August 14, 2012

Talking Sexual Fluidity with My Preschooler

I've had an ongoing discussion about her body and sexuality with my daughter before she could verbally talk. Most recently, that conversation has broadened to address the wide range of sexual fluidity among people. The "new" normal is that there is no "normal," as Dr. Peggy Drexler points out. People experience a wide range of gender identity and sexual orientation, and expressions of gender and desire vary.

Yet, people have an urge to label; to fix into neat categories. I get that "labels can be a good way to build community and find yourself, but they can become a problem if someone feels restricted or constrained by them," as the blogger of "monochrome in the 1960s" puts it. I've always felt constricted by them. When I was doing research on gender and sexuality in Norway a few years back, I came across the term gender claustrophobia. And not just among women and men feeling pigeonholed as "cisgender" or "straight" — walking manifestations of a heteronormative culture — but among queer women and men who felt constrained by limited understandings of lesbian and gay, even within their communities.

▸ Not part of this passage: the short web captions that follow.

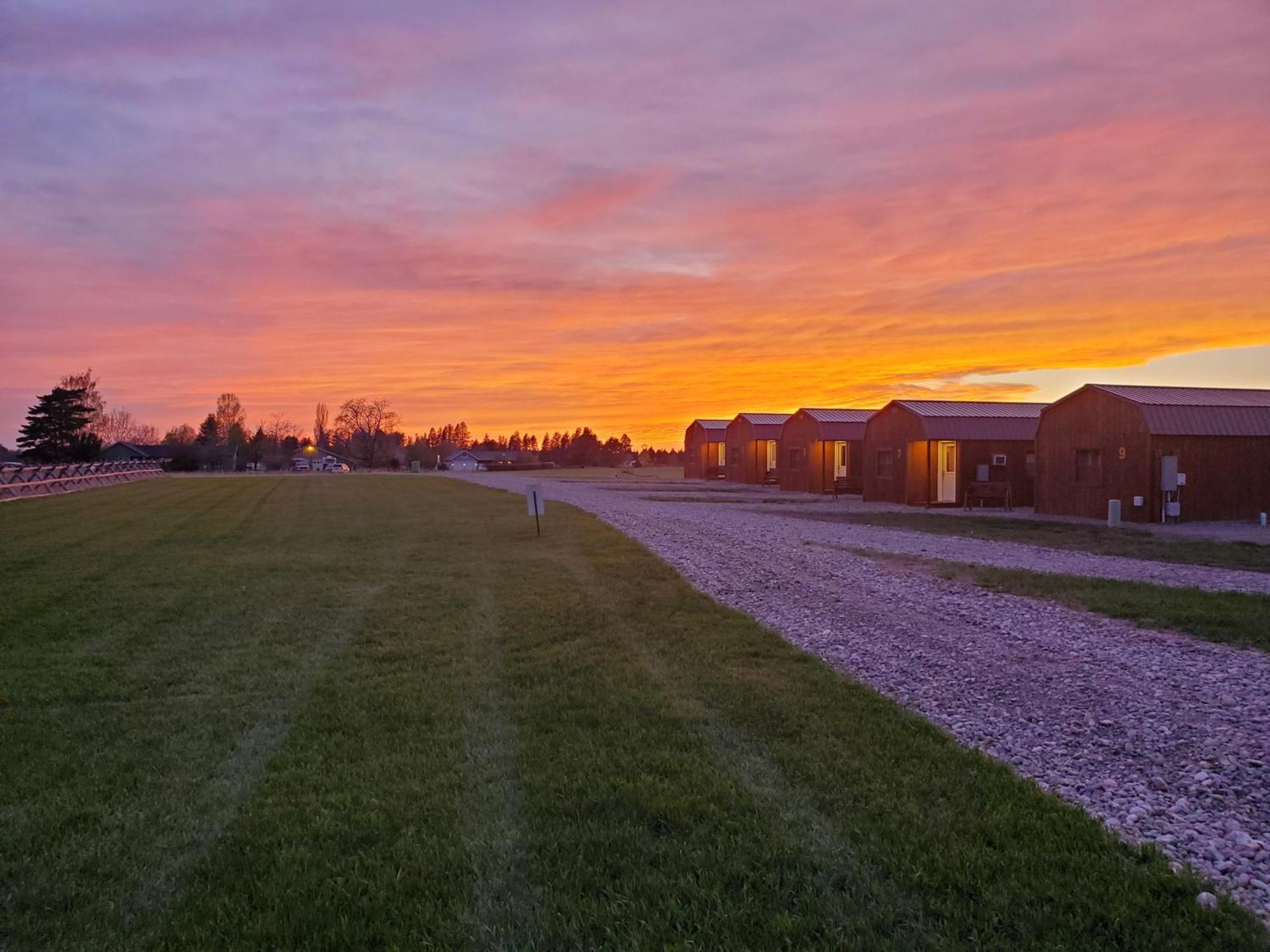 Glacier Acres Guest Ranch Колумбия-Фолс Экстерьер фото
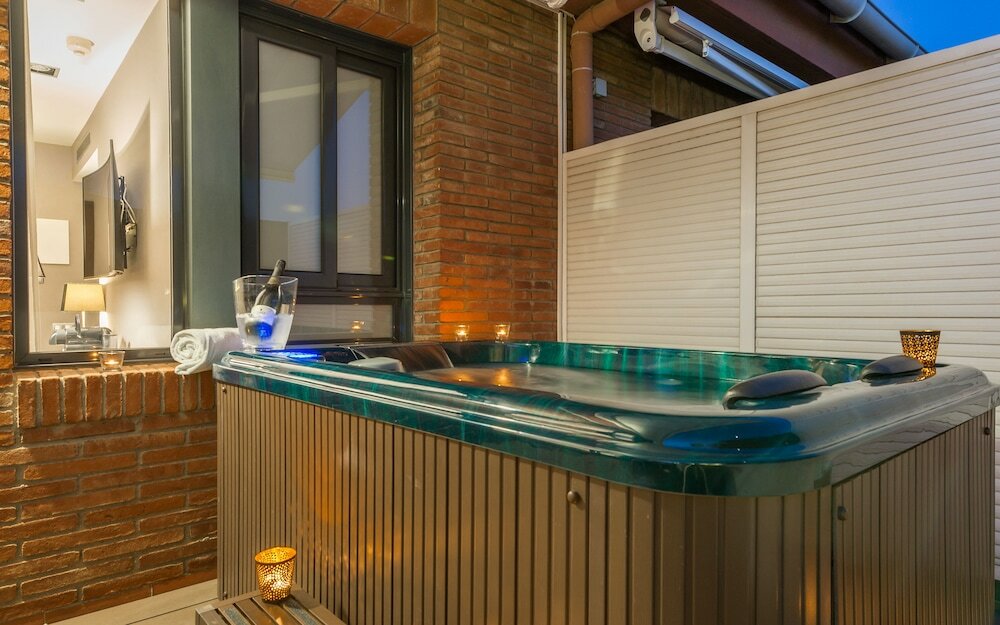 Фото Aparthotel Mariano Cubi Barcelona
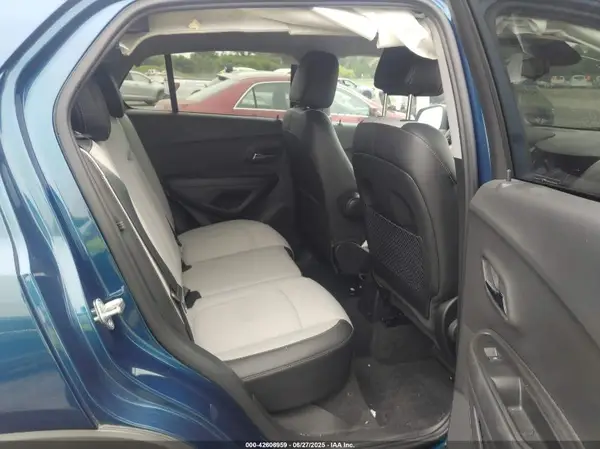 3GNCJPSB0LL163988 2020 CHEVROLET TRAX - Image 8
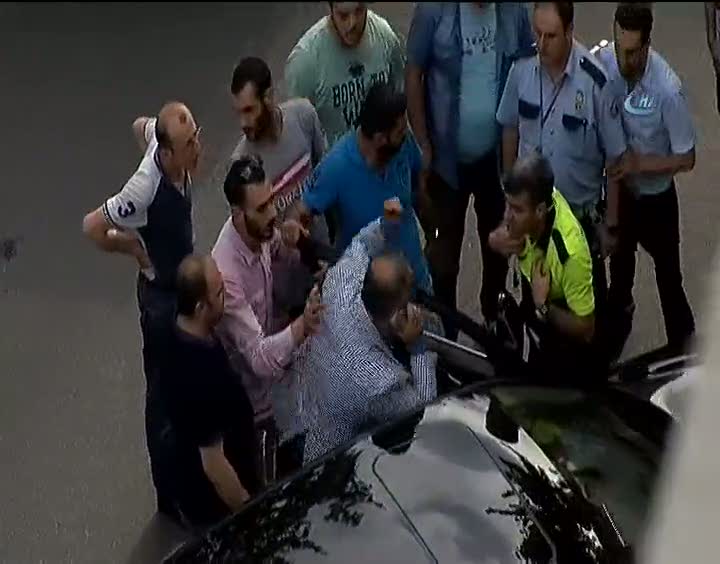 Of eski Belediye Başkanı Murat Saral trafik polisine böyle meydan okudu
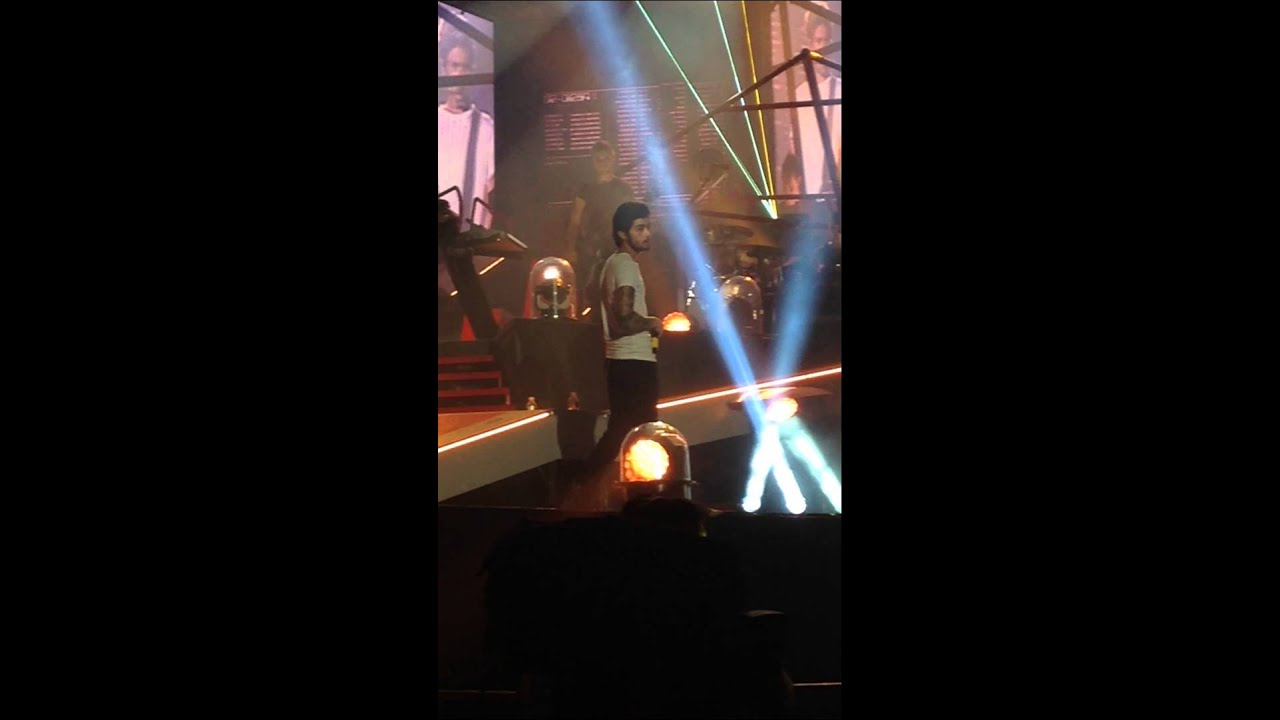 One Direction - Best Song Ever - WWA Chicago 8/29/14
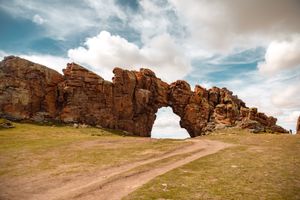 Река в песках, арка на высоте 2700м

The beautiful thing about talking sexual fluidity with a four-year-old is that she totally gets it. She gets that we can look female and feel male inside. She gets that the object of each person's affection can manifest immensely differently for that one person. She's not confused by our friends who are currently same-sex partnered while previously opposite-sex partnered. She's unfazed by the prospect of a woman gradually changing to look more like a man and vice versa.

It's not like I'd be doing my daughter a disservice by not teaching her that the "new" normal is that there is no "normal;" she already gets this. Children already get sexual fluidity. Ignoring or pretending there is no such fluidity would constitute a disservice; closing their minds and hearts off to that wonderful plurality of gender identity and sexual orientation that exist among us.